> _What the exercise asks_
From the records below, transcribe exactly the lines that begin at the line with "First time i" and end at the line with "Whale Shark Swim", both included.

> _Supplied records_
+ + + + +
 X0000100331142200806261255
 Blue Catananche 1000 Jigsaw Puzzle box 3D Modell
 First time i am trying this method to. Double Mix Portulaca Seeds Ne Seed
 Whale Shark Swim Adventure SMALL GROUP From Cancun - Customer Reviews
+ + + + +
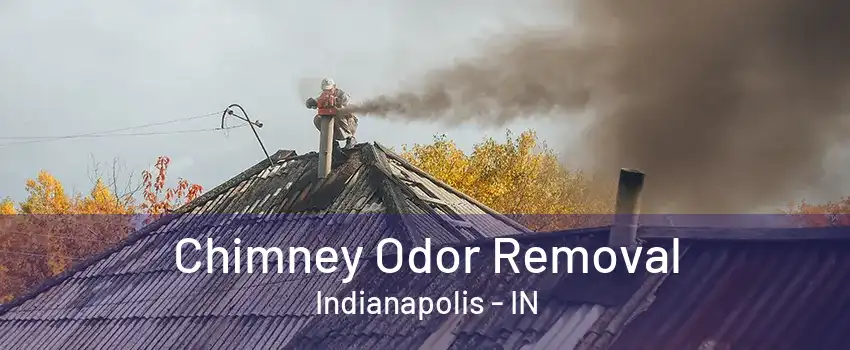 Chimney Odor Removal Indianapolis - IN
+ + + + +
> _Written response_
 First time i am trying this method to. Double Mix Portulaca Seeds Ne Seed
 Whale Shark Swim Adventure SMALL GROUP From Cancun - Customer Reviews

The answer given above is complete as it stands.